Real “fake news” can be outright dismissed because it holds no sway or bearings; they’re dismissive, unimportant lies that get brushed over or ignored. That happens every day of the week in this world at the public level and in the media (via comedy).
This brings me to intelligence leaks and Trump both going nuts and downplaying the data (or attempting to) as “fake news”. If it truly was fake, irrelevant news, why did it lead to the resignation of a high profile member of the administration? Why is the leak now sought by Trump and put down by him?
This isn’t attempting to be a partisan attack, people. If you are on the political right and see truth in “fake news” labeling from Trump, what you’re seeing is Donald Trump upset that he isn’t getting played up while his actions as president have been divisive (the immigration executive order) and non-secure (Mar-A-Lago last week), let alone in conflict with allies around the globe along with more security issues nationally (U.S. / Russia ties on the sly). That’s not something to side with, not with how he’s done it. It’s also not a reason to consider news “fake”.
For those of us who want attention and to be in the spotlight, it hurts to have a negative be what the attention happens to be. That’s Donald Trump’s reaction to news coverage. His chaotic path (immigration, the Yemen attack, the anti-environmental scree, his dislike of due process, etc and how he handles them) draws the negative reaction. That’s not a partisan reaction; it’s a reaction to a president forcing his hand (with little involvement in the process) during his first 30 days in power.

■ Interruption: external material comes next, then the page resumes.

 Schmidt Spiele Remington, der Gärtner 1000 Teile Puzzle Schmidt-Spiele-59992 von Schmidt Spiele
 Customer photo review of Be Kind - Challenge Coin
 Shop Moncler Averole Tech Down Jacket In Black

“Fake news”? Y’know, for all the anti-Saturday Night Live messages that Trump has tweeted, he’s co-opting a label from two decades ago when Norm Macdonald hosted “Weekend Update” on the show. Macdonald would spew the line before he started his dignified-yet-comedic act. It was done for humor sake.
Trump’s bellowing of “fake news”? He doesn’t like how he’s framed and it paints him in a negative light – because the story and facts (not “alternate facts”) frame the picture as just that: negative.